Tool registration starts with newTool(), then the information about the tool is added, including its title, description, and arguments. The handler supplies the code to run when the tool is called. It has one parameter, which is a ToolArguments object, which provides access to the arguments and other information about the tool call request. The handler must always create and return a ToolResponse.

Accept the 2025-11-25 MCP protocol

The mcpServer-1.0 feature now accepts version 2025-11-25 of the Model Context Protocol (MCP), although it does not support any new features introduced in this version of the protocol.

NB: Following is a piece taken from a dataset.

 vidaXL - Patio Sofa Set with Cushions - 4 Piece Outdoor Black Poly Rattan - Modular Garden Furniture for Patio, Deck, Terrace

Supporting MCP 2025-11-25 introduces two notable behavior changes:

  • Tool name restrictions: Tool names are now limited to ASCII letters ('A–Z, a–z'), digits ('0–9'), and the underscore ('_'), hyphen ('-'), and dot ('.') characters.

  • Improved handling of invalid tool arguments: Invalid arguments passed when invoking a tool are now treated as tool execution errors rather than protocol errors. This change allows the LLM to receive feedback that the tool was called incorrectly and to retry with corrected arguments.

Paginated results

The result of a tools/list call is now paginated with a page size of 20. This means that if there are more than 20 tools deployed on the server, clients make several small calls to retrieve the list of tools, rather than one large call.

Bug fixes

  • During cancellation of a tool call, we check that both the session id and the authenticated user match the session id and the user that made the tool call. Previously only the session id was checked.

  • Messages that are returned to the MCP client no longer contain OpenLiberty message codes.

  • Structured content is only returned when client is using protocol version 2025-06-18 or later.

Further information

Preview of some Jakarta Data 1.1 M2 capability

Previews some new capability at the Jakarta Data 1.1 Milestone 2 level: Constraint subtype parameters for repository methods that constraints to repository @Find operations and limited use of Restriction with repository @Find operations. Also included from the prior beta are: retrieving a subset/projection of entity attributes and the @Is annotation.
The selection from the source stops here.